Podcast: Play in new window | Download (Duration: 1:46:08 — 97.2MB)
On the later Platonic dialogue (ca. 360 BC). What is a sophist? Historically, these were foreign teachers in Ancient Greece who taught young people the tools of philosophy and rhetoric, among other things, and espeically they claimed to teach virtue.
In this dialogue, “the Eleatic Stranger” (i.e., not Socrates, who is present but wholly silent after the first couple of pages) is trying to figure out what a sophist really is, and in the process is showing us a new procedure for defining a word, which he calls the method of division. This is sort of like 20 questions, where you start with “animal, vegetable, or mineral?” The difference, of course, being that in 20 questions, one player already knows the answer, and you might ask whether it makes any sense at all to use such a method when you really don’t know what the thing is that you’re looking for. If you don’t know what a gastopod is, then you can’t start to answer that by asking yourself what general type of thing it is. But with “sophist,” or any other term (e.g., justice, knowledge) that Plato concerns himself with, of course you know enough to start the inquiry, and the point is to get more philosophically precise. So a better example might be “what is a whale,” where you start with the animal you can see and end up classifying it as mammal as opposed to fish.

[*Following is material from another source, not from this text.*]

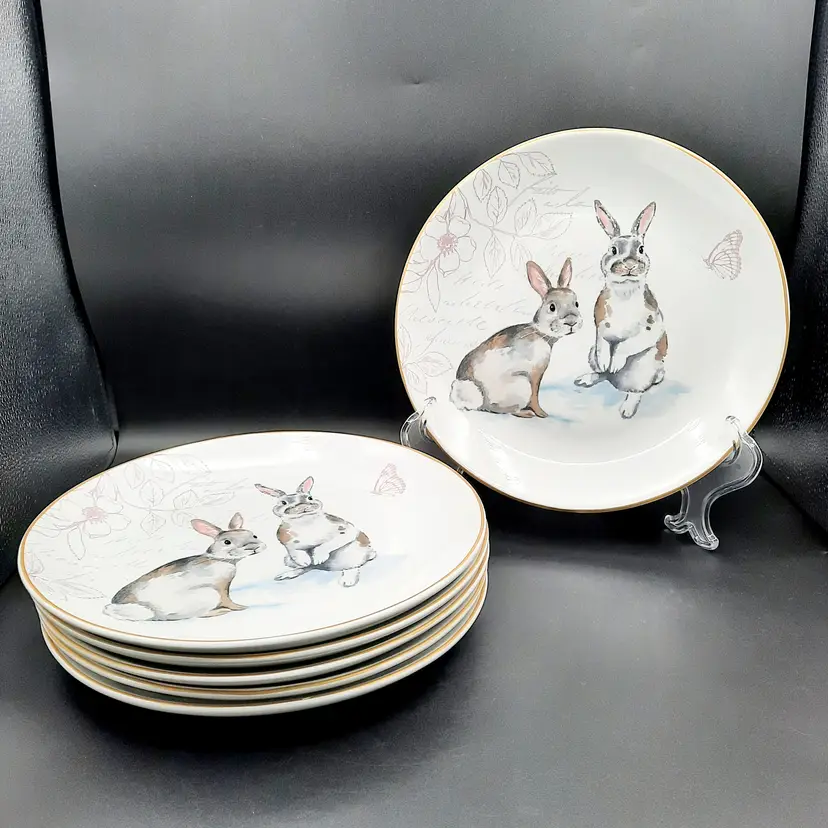 Pier 1 Bunny Rabbit Easter Porcelain Dinner Plates Floral Butterfly Set of 6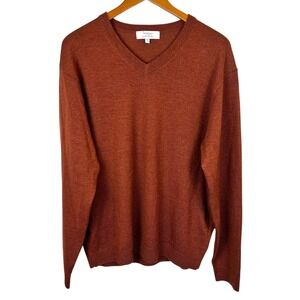 Turnbury Merino Wool Baselayer Sweater Mens Large Orange Layers Preppy Academia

The Stranger ends up classifying the sophist in several ways corresponding to various properties ascribed to sophists (Is he someone who hunts for the souls and money of young people? Is he someone who divides people from their confused beliefs? Is he someone who creates false beliefs in people’s heads?). This whole interest in sophistry is certainly still relevant to discourse today!
Buy the book or follow along in this online version. Dylan’s fancy new Eva Brann translation is Plato : Sophist: The Professor of Wisdom (Focus Philosophical Library)
.
End song: “Dumb,” by Mark Lint and the Fake from the album So Whaddaya Think? (2000).
Plato picture by Genevieve Arnold.
[…] to part 1 first or get the unbroken, ad-free Citizen Edition with your PEL Citizenship. Please support […]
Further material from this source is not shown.